1. Aug 19, 2008

### gigli

1. The problem statement, all variables and given/known data
A light ray enters the plastic block in the illustration at an angle of 33.0° and then exits the opposite side. The long side of the block has a length of 0.670 m and its index of refraction is 1.70. For how much time is the light ray inside the block?

https://www.physicsforums.com/attachment.php?attachmentid=15094&stc=1&d=1219187822

2. Relevant equations
Snell's law:
nisin$$\theta$$i=nrsin$$\theta$$r
n=index of refraction
$$\theta$$=incident angle from normal

n plastic=1.70
n air = 1.00

3. The attempt at a solution
According to Snell's law:
(1.70)*sin(33)=(1.00)*sin($$\theta$$)
0.92588636=sin($$\theta$$)
arcsin(0.92588636)=$$\theta$$ = 67.8023923 degrees

And the speed of light is 2.998*10^8 m/s.

But after that I am not sure where to proceed! Can anyone help me figure this one out?

2. Aug 19, 2008

### G01

You need to know two things to solve this problem.

1. The speed of light in the plastic block.

Do you know how to find this?

2.You need to know the length of the path traveled through the block.

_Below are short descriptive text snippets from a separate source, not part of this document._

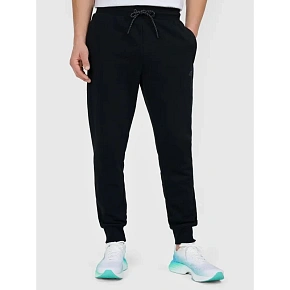 Spodnie dresowe typu jogger męskie 4F 4FWMM00TTROM1860-20S Spodnie dresowe typu jogger męskie 4F 4FWMM00TTROM1860-20S
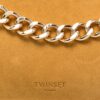 31439389_61023431_1000.jpg TWINSET Liliane tote bag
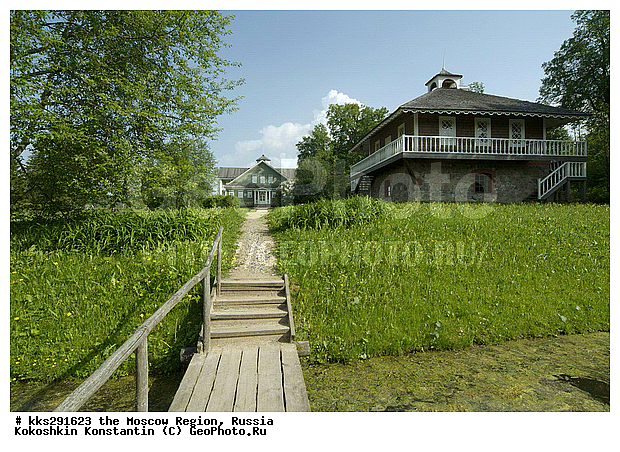 ���������� �������, ����������, ������, ������� ����������, �����������, �������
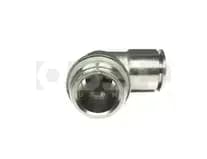 FESTO NPQH-L-G12-Q12-P10 FESTO NPQH-L-G12-Q12-P10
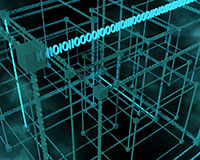 First round Startup Competition winners announced at MIPIM UK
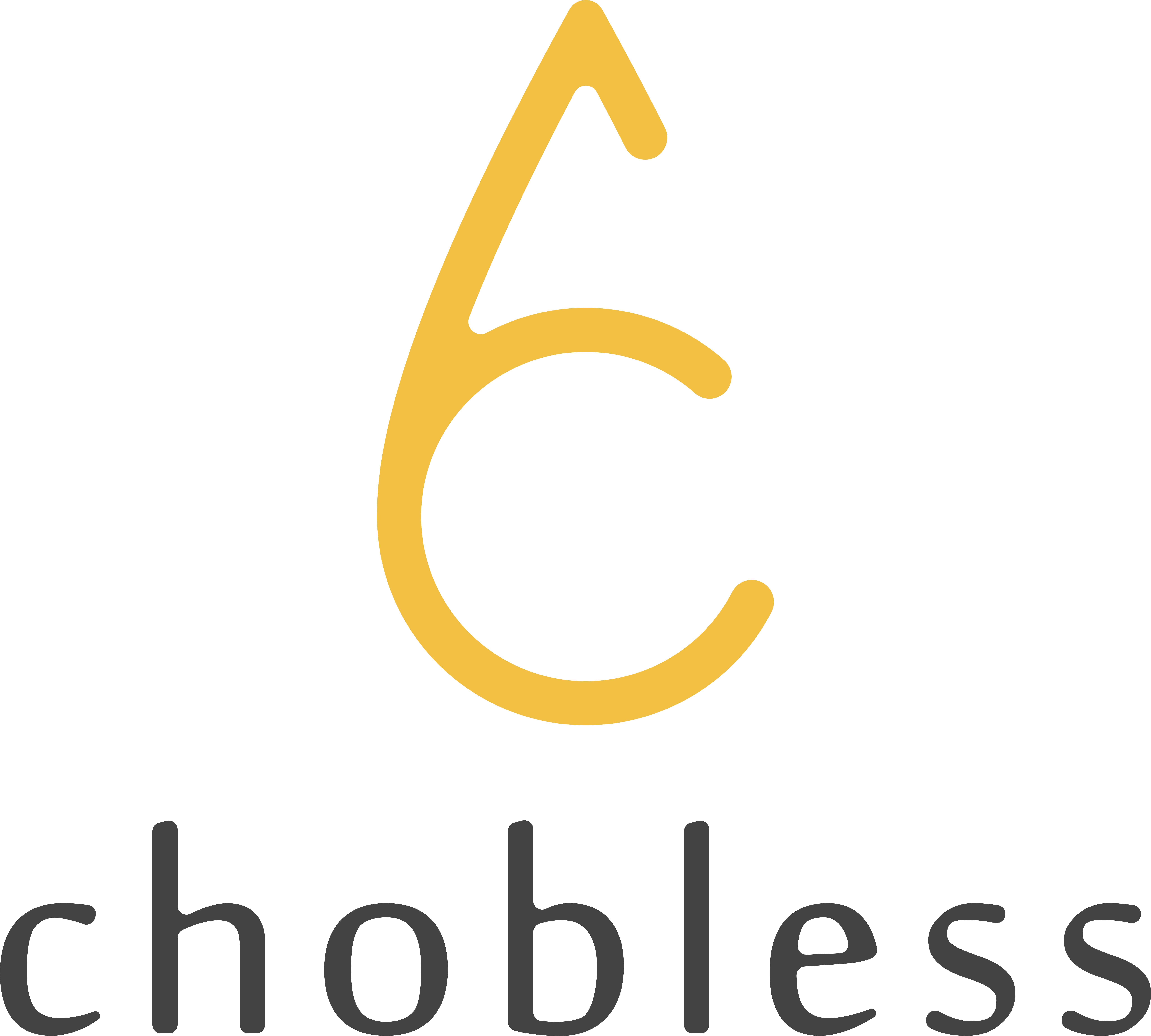 CHOBLESS Co., Ltd.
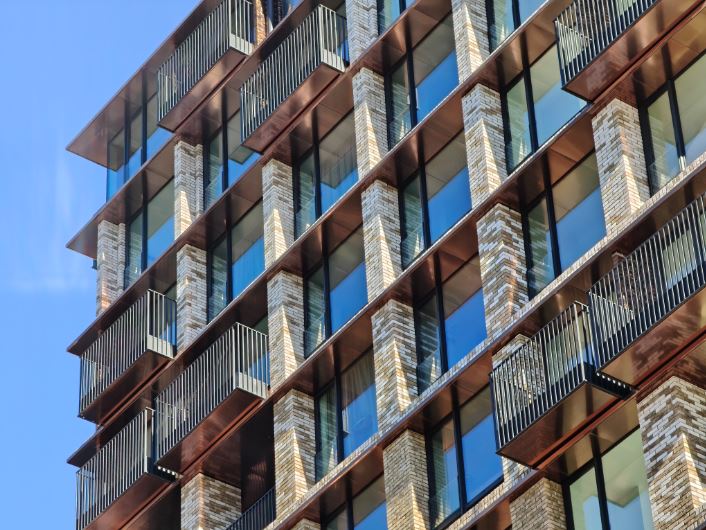 Oppo Find X8 Pro, Oppo Find X8 Pro: Δείτε φωτογραφίες που τραβήχτηκαν από την εντυπωσιακή κάμερα Hasselblad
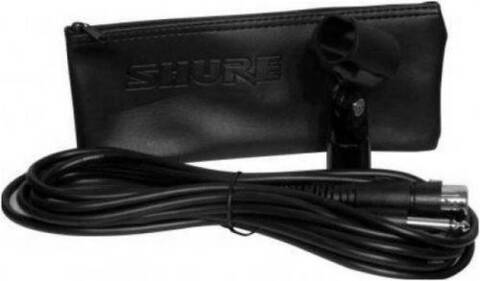 SHURE SV100-A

You should be able to find this using the angle obtained from Snell's law and some trigonometry, but I can't say for sure if you don't post the actual figure in question.

3. Aug 19, 2008

### gigli

4. Aug 20, 2008

### gigli

Got it. Speed of light in plastic. Roger. Appreciate it

Last edited: Aug 20, 2008
5. Aug 20, 2008

### alphysicist

The only property you're given about the material is its index of refraction. What is the definition of the index of refraction?